これは新たに発足した会社だけでは手に余るので、モビリティについてはトヨタが、HOME Xなどの提案についてはパナソニックが支えて、新たな街づくりやくらしづくりをやっていくことになります。トヨタが街づくりでできる範囲は限られていますが、それはパナソニックも一緒。ネットワークを作って、パートナーと一緒にやらなくてはなりません。
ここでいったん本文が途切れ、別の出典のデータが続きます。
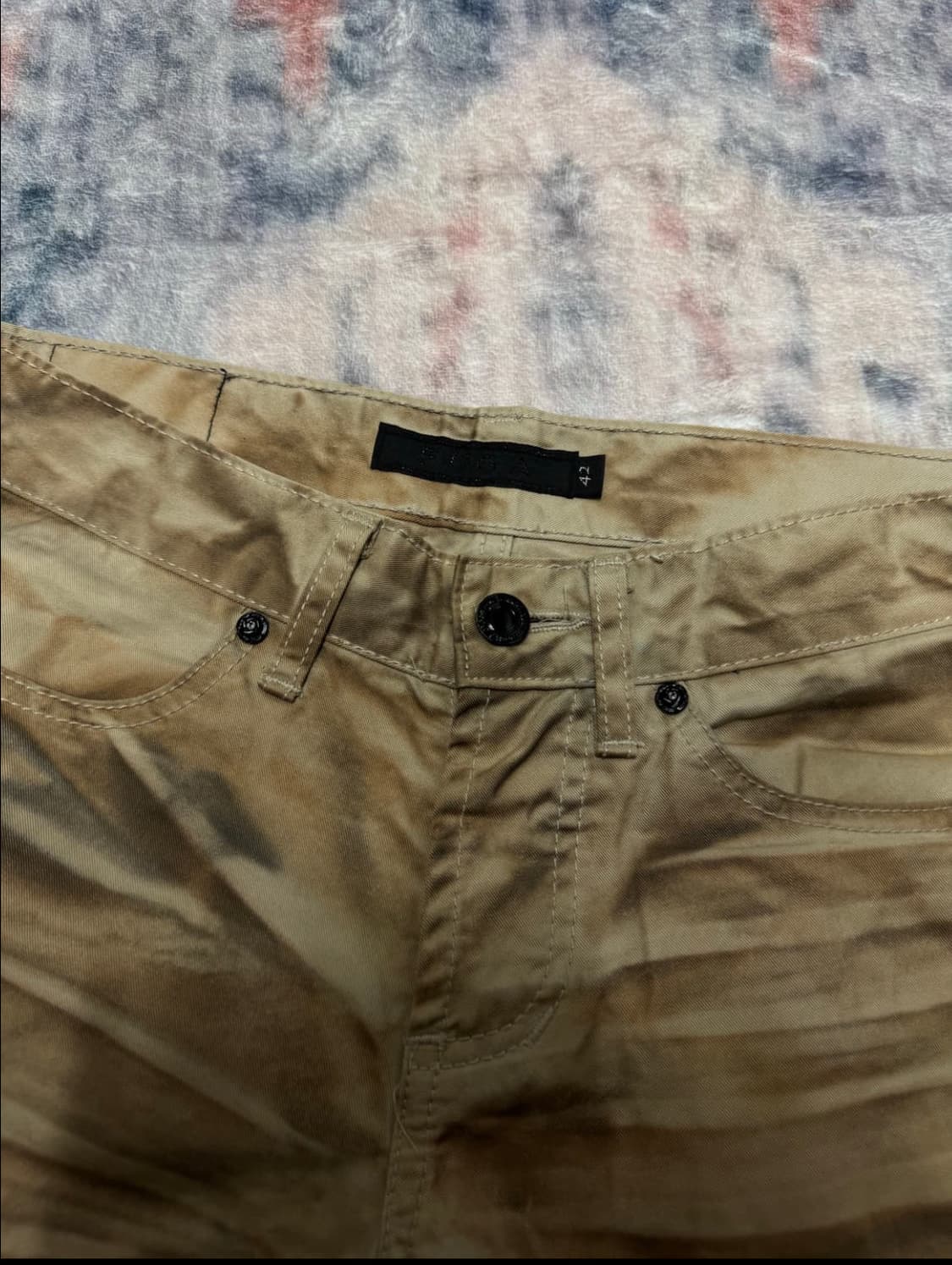 Fuga beigie flare jean 상품이미지7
BtoBのつながりの中で、他社との連携も広がっていくでしょう。パソナニックが取り組んでいる「現場プロセスイノベーション」も、BtoBのネットワークづくりにつながると思います。しかし、今回の東富士のスマートシティの取り組みにおいては、トヨタに対して、積極的に入れてくれという性質のものではありません。
――車載事業の業績が悪化していますが。
2019年、電池事業に関して、開発工数が大きく、我々の経験が少ない領域で大きな件名を受注しました。それの開発投資が大きく、利益を痛めました。これは、一過性のものであり、今期が底です。中長期的に業績の足を引っ張りつづけることはありません。
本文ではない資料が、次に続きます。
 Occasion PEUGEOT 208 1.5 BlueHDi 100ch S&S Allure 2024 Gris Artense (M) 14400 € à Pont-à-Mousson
車載電池の事業は、伸びしろが大きい。バッテリーの生産設備の稼働率が上がれば収益が上がる。だが、立ち上げのときには設備投資が過多になり、今はその時期にあたります。
テスラの事業に関しては、苦労してはいますが、2021年度には黒字に転換できます。すでに単月ベースでは黒字に転換しはじめており、黒字化は見えてきている。トヨタとの角型電池事業は、まだ投資フェーズですが、稼働が上がれば、売り先は決まっているので儲かる構図になります。今は立ち上げの苦しみのフェーズです。減価償却費の負担がなくなったときに、大きく儲かることになるでしょう。
我々は電池メーカーとして実力があります。電池はどんな電池でもいいわけではありません。安全であること、容量が大きく、コストパフォーマンスが高くなければいけません。急速充電に強いことや、ハイブリッドの場合には瞬間的エネルギーを流し込んだり、取り出したりすることに強い特性を持つことなどが求められます。
自動車メーカーとしっかりとすり合わせた特注電池を作っていけば儲かります。その際に数を維持するために、どこと組むかが大切であり、パナソニックは、テスラとトヨタと組んでいます。工場の稼働を維持すること、電池の価格をある程度の価格で売ることが両立できれば儲かる事業になります。